Aux origines du drame syrien 1918-2013
Aux origines du drame syrien 1918-2013
La « mosaïque syrienne » offre une illustration impressionnante de l’« Orient compliqué » évoqué par le général de Gaulle. La notion d’État implique normalement un territoire délimité par des frontières clairement tracées, une population relativement homogène imprégnée d’une culture voire d’une religion dominante, des institutions admises. Rien de tout cela dans le panorama décrit ici par Xavier Baron qui, sans remonter à Palmyre et à la reine Zénobie, parcourt en 26 courts chapitres un siècle d’agitation et de violence.

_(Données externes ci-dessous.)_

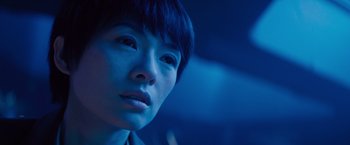Movie still from “Godzilla: King of the Monsters” (2019), directed by Michael Dougherty – A person's face in the dark; Close Up shot, Low angle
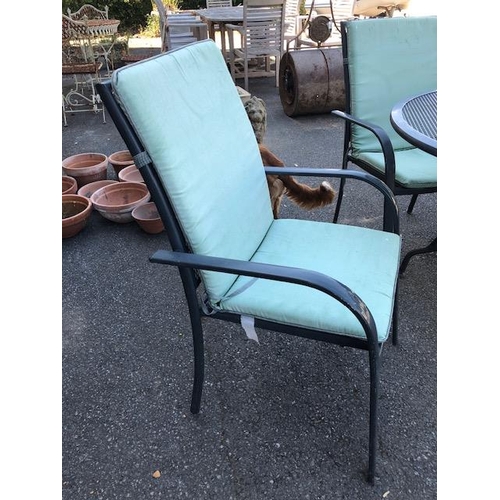 277 - Metal garden table and six chairs with cushions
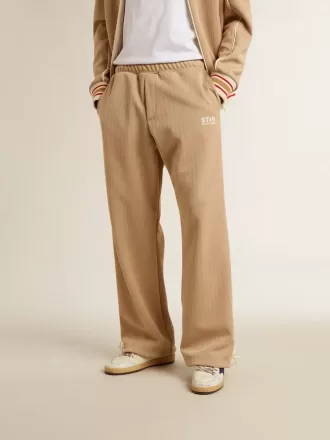 Ljusbeige joggingbyxor för herr med vitt logo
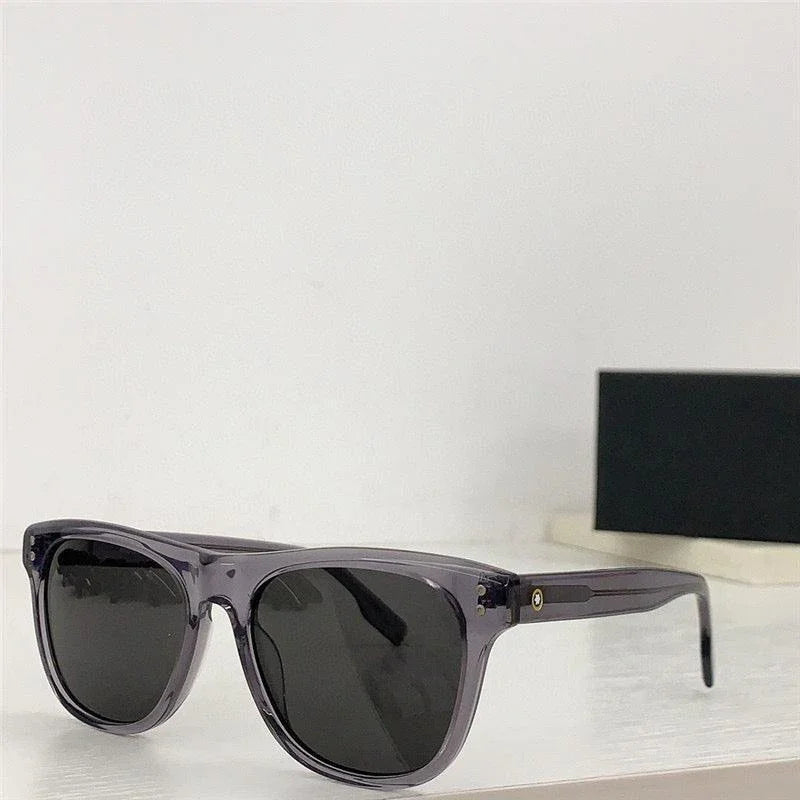 Trendy black polarized sunglasses with transparent frames on a white surface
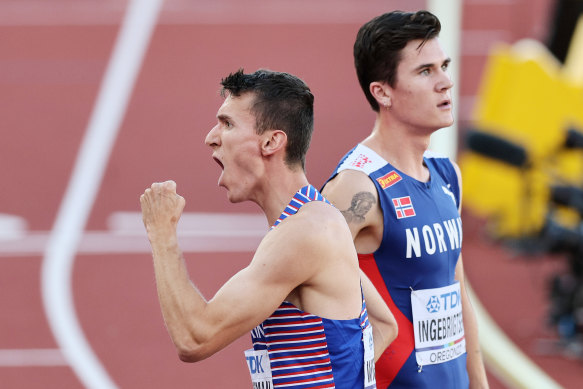 Jake Wightman celebrates his world championships win ahead of Jakob Ingebrigtsen.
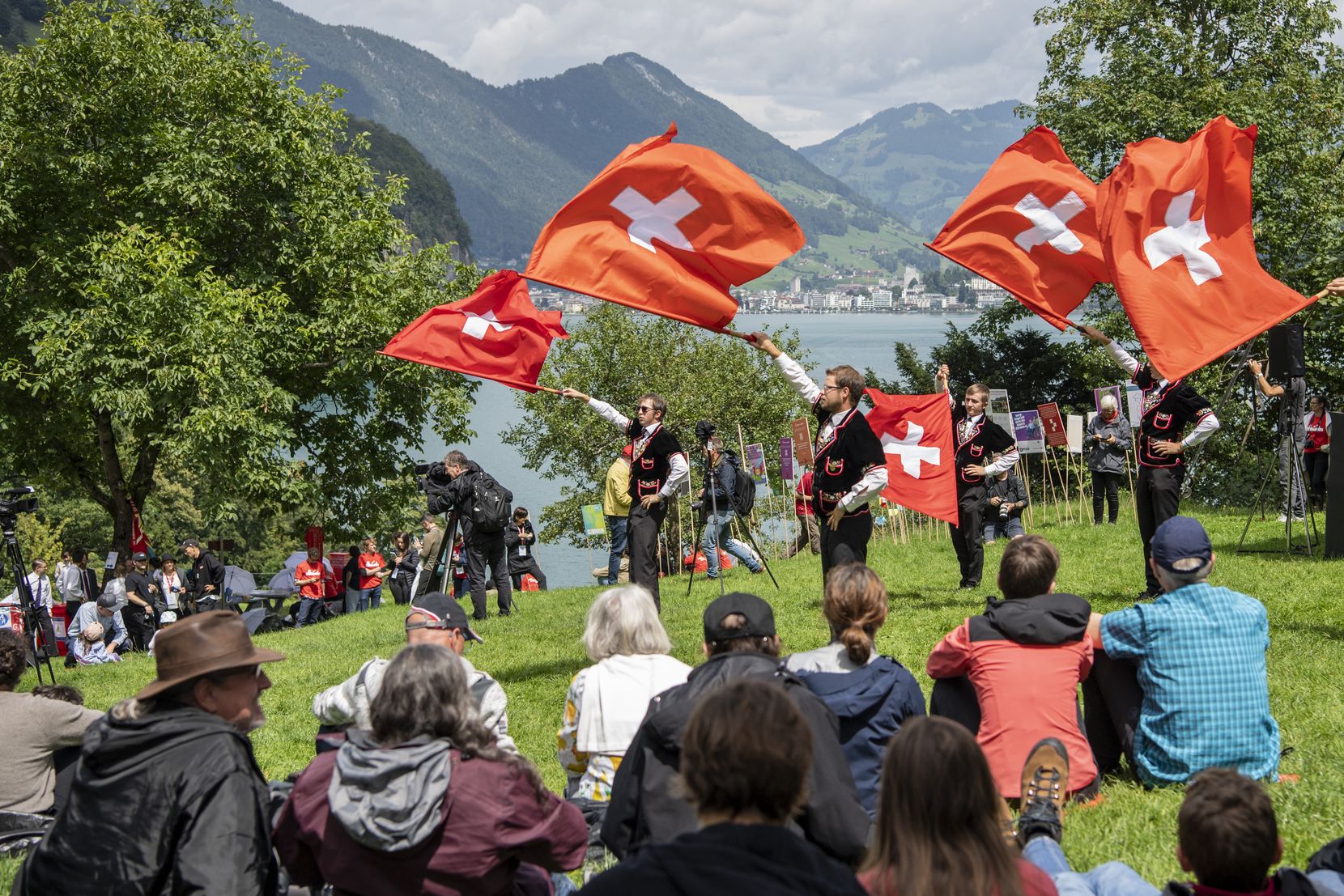 Männer in Kostümen schwingen die Schweizer Fahne.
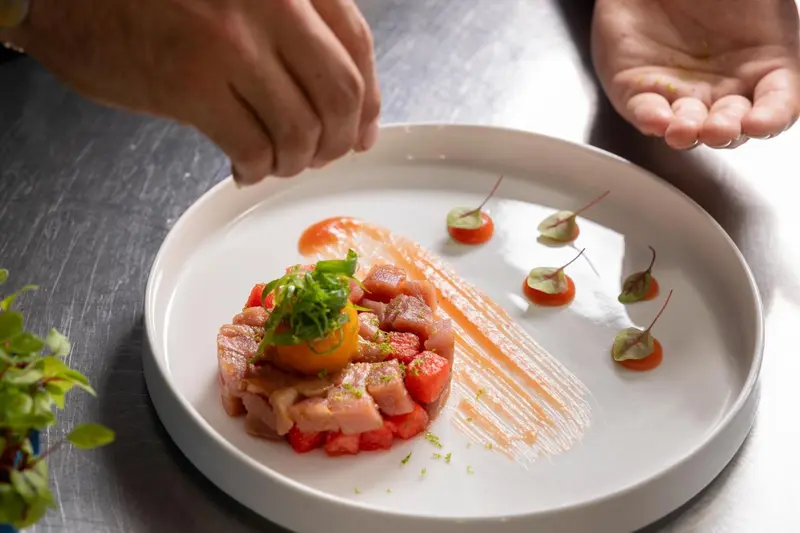 Une assiette de poisson cru est décorée avec des herbes et des sauces colorées.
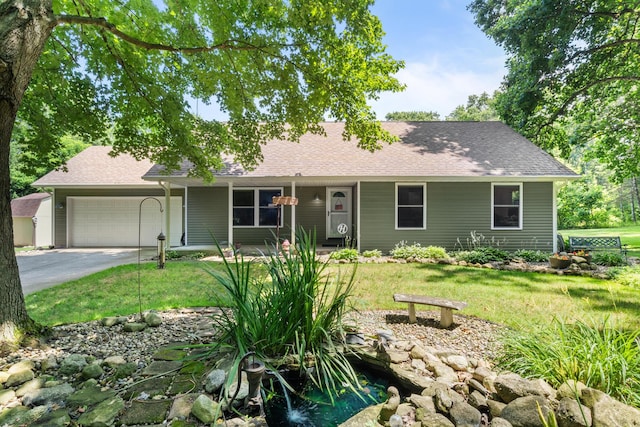 69291 Brush Trl, Niles, MI 49120 - view of front facade featuring an attached garage, a front yard, concrete driveway, and a shingled roof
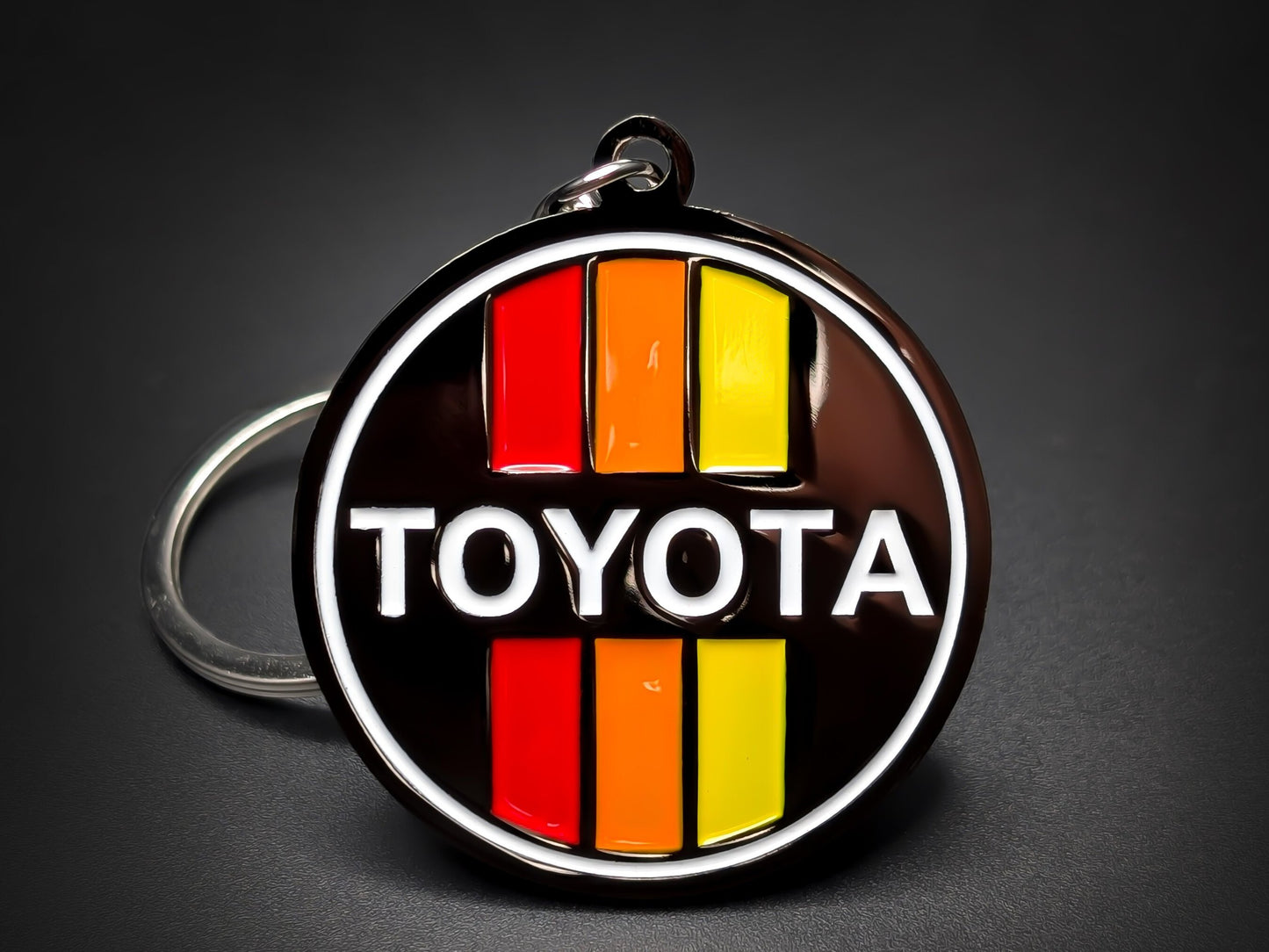 Round black metal Toyota double-sided keychain with a white logo and red, orange, and yellow vertical retro stripes.
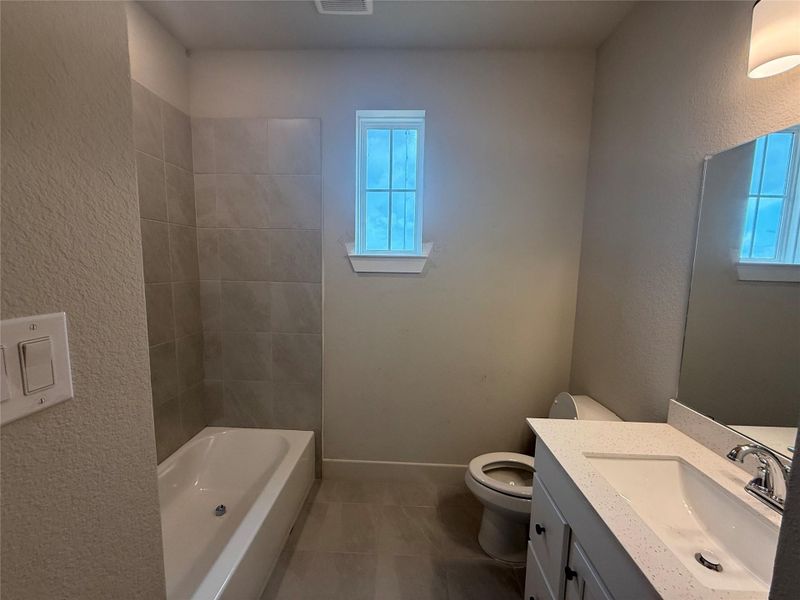 You'll enjoy the full bath included in the private guest suite.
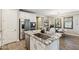 Island kitchen with stainless steel appliances, granite countertops and open to the dining area at 1941 W Yellowstone Way, Chandler, AZ 85248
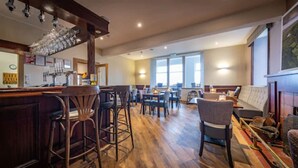 A spacious restaurant with wooden flooring, bar stools, and a mix of seating options including tables and chairs.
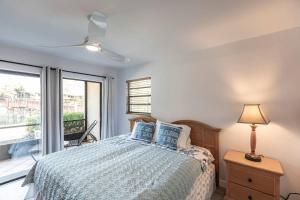 a bedroom with a bed with a lamp and a window at Park Shore Resort-Deluxe Condo 1st FloorBLDGE 134 in Naples +34 photos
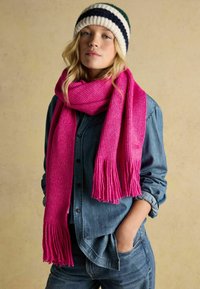 Jasně růžová pletená šála s třásněmi na koncích, nošená přes džínovou košili. Šála má texturované tkaní, které dodává hloubku jejímu designu.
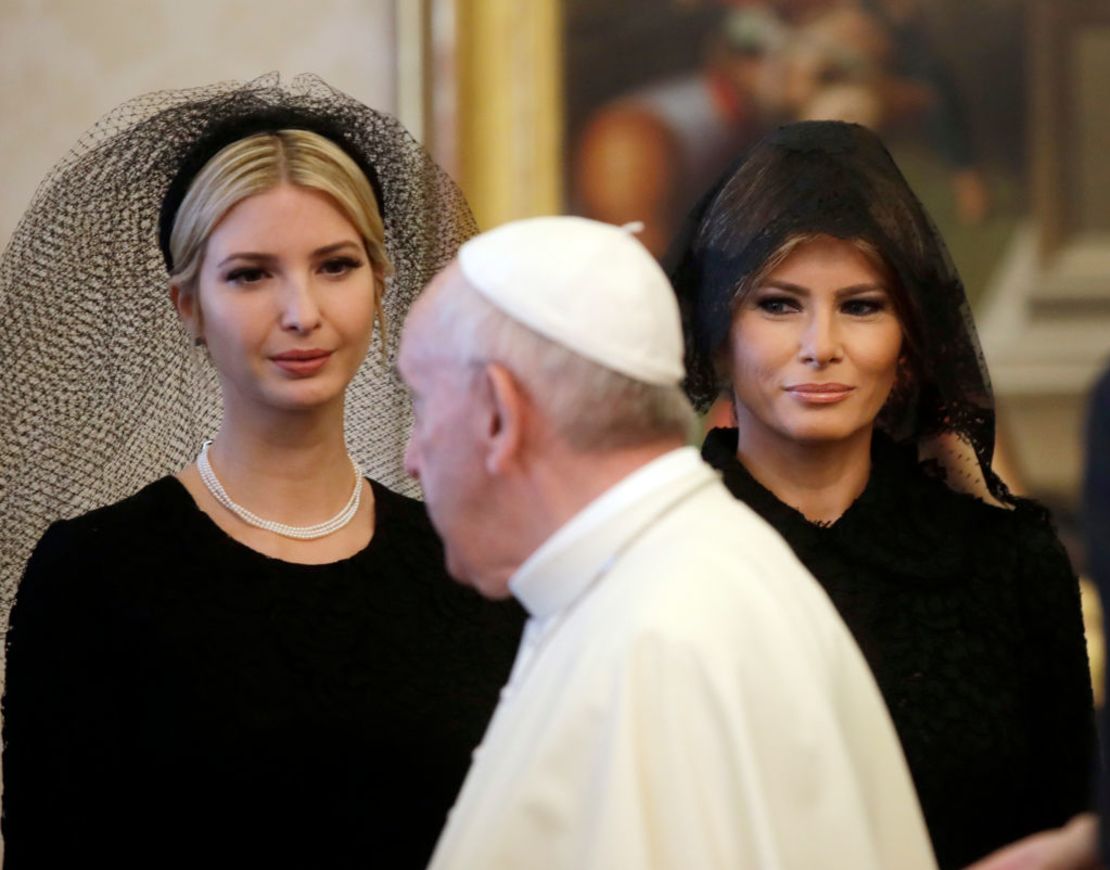 Pope Francis walks past US First Lady Melania Trump and the daughter of US President Donald Trump Ivanka Trump at the end of a private audience at the Vatican on May 24, 2017.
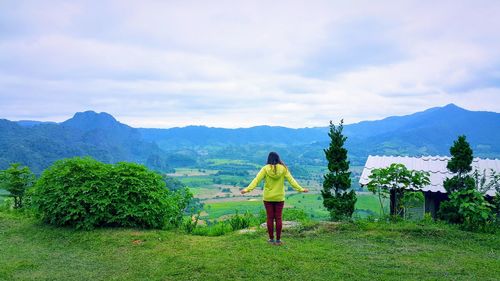 Rear view of woman looking at mountains against sky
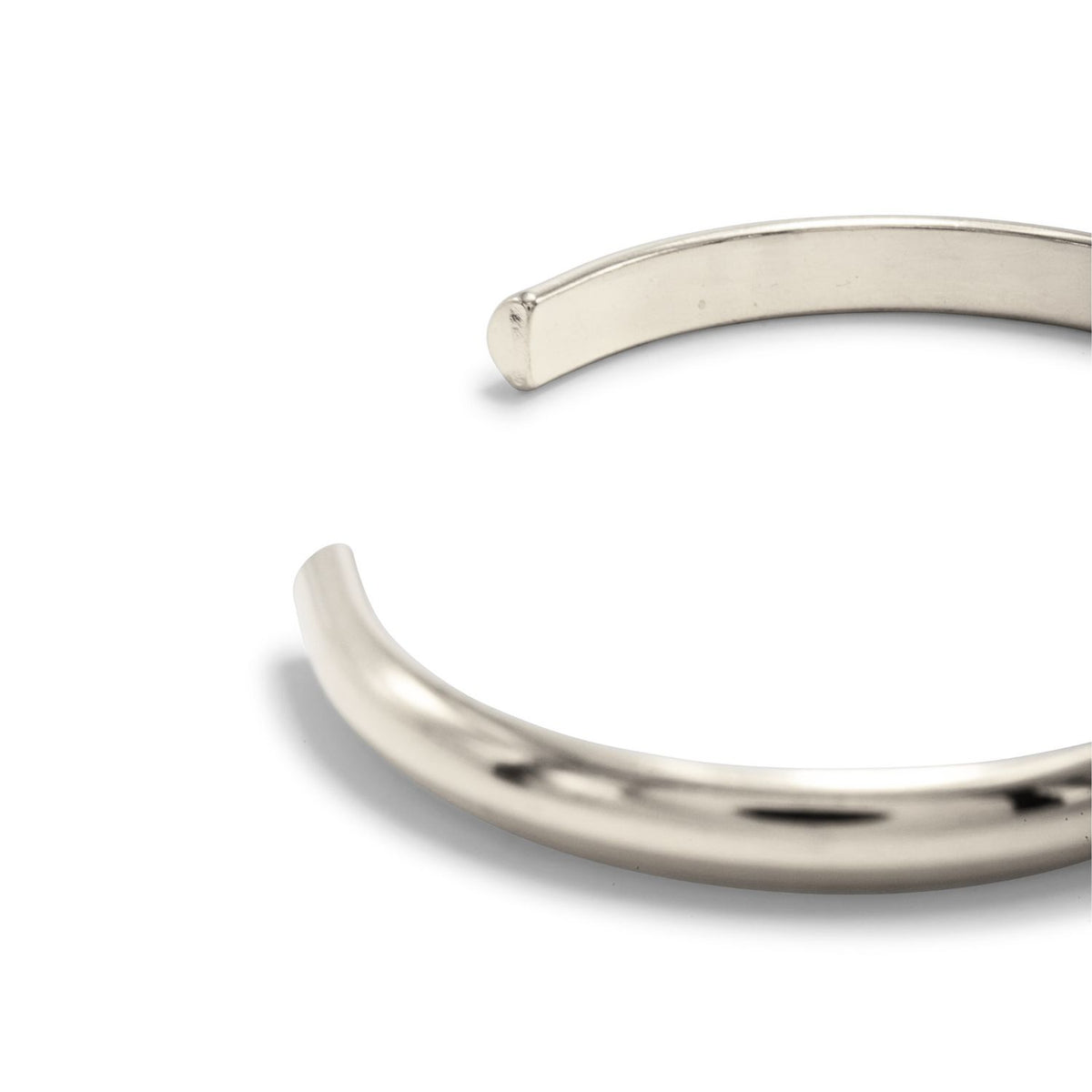 A close-up captures the Silver Parker Cuff—sculpted and hand-assembled in our West Hollywood studio. This polished, open-ended silver form punctuates a white backdrop. Crafted in small batches with eco-conscious precision. Style note: transitions from denim to tuxedo.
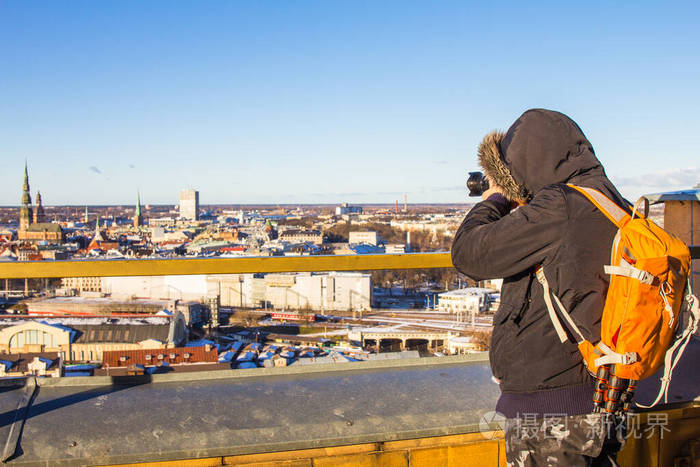 摄影师拎着大包从高处拍摄欧洲古城的地标。拉脱维亚科学院。冬日晴朗。里加，欧洲，波罗的海，拉脱维亚。旅游照片概念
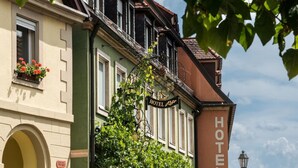 Un hotel con un cartel llamativo que dice 'HOTEL', un balcón con plantas colgantes y una bicicleta estacionada al frente.
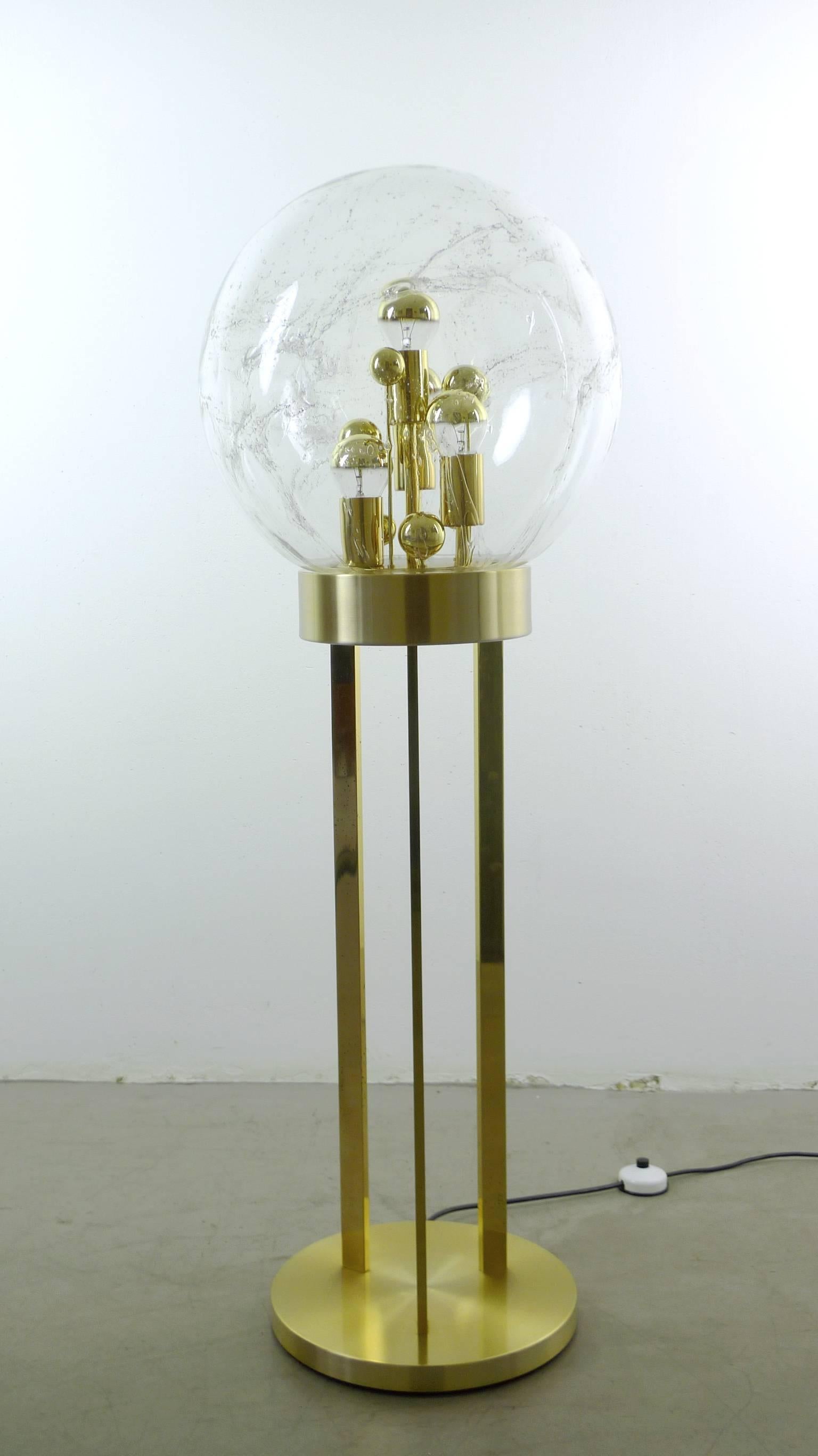 Rare golden floor lamp from the 1960s produced by the German manufacturer Doria.
Three bars holding a large glass globe with a diameter of 40 cm. Inside the globe several golden balls standing like mushrooms in varying heights. Four of them are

Les suites de la Première Guerre mondiale, la disparition de la tutelle ottomane et la rivalité entre les alliés suscitèrent (ou ressuscitèrent !) un climat de violence et un véritable « découpage » du pays. L’officier de liaison britannique auprès du commandement français à Beyrouth est décrit par Pierre Benoit comme un de ces sujets de sa Majesté « à qui la seule idée du drapeau bleu-blanc-rouge hissé sur un fortin de la brousse africaine ou de la steppe asiatique donne aussitôt une crise de nerfs ». Les responsables français, civils et militaires, souvent de haut vol comme Gouraud, défilent au gré de la politique parisienne. Catroux, Gamelin, Weygand passent en même temps que des officiers au rang modeste mais à la forte personnalité comme le capitaine Carbillet et tout cela débouche sur le combat fratricide de 1941. Par la suite, l’instabilité a régné dans cette pauvre Syrie qui a vu se succéder « onze chefs d’État en vingt et un ans » parvenant au pouvoir de façon musclée, qui a perdu le Golan à l’issue de guerres malheureuses et connu l’épisode peu convaincant de la République arabe unie.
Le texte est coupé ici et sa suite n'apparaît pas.